P.T. Sim, absolutamente, são arietas interessantes. Acho até um pouco

lamentável que não possam fazer parte do repertório de um aluno de canto. À

excepção das primeiras, que têm um propósito muito mais declarado as outras

são peças muito bonitas: Senza l’amabile, Benche di senzo privo etc.. Parece-me

também que ao nível da articulação, Vaccaj tem um conhecimento profundo da

voz e das suas dificuldades e direcciona-se muito bem á questão do legatto e à

articulação das palavras com a linha de canto.

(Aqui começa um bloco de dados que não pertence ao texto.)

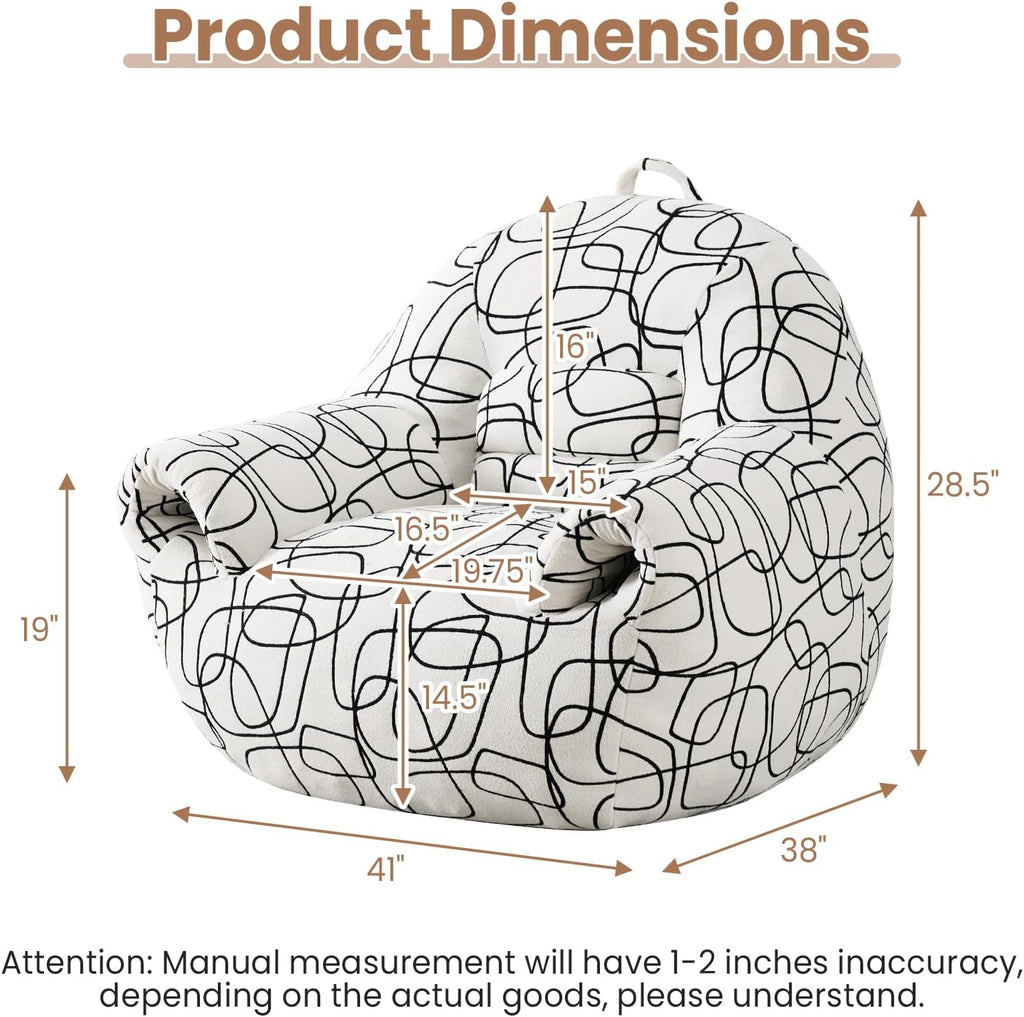 Peace nest Bean Bag Chair with Memory Foam Filled Ultra Soft Jacquard Pattern Cover for Adults Comfy Fur Bean Bag Chairs with Armrests for Bedroom Living Room Office Dorm Reading Lines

b) No trabalho técnico que faz com os seus alunos, aplica este método

exclusivamente em substituição de exercícios sem texto (vocalizos)?

Porquê?

P.T. Não, não excluo nunca os vocalizos. O propósito é diferente, poderia até

fazer uma peça de Vaccaj em vocalizo, isto é, com uma só vogal, para os alunos

terem a noção da fluência e até mesmo para a colocação igual de todas as notas.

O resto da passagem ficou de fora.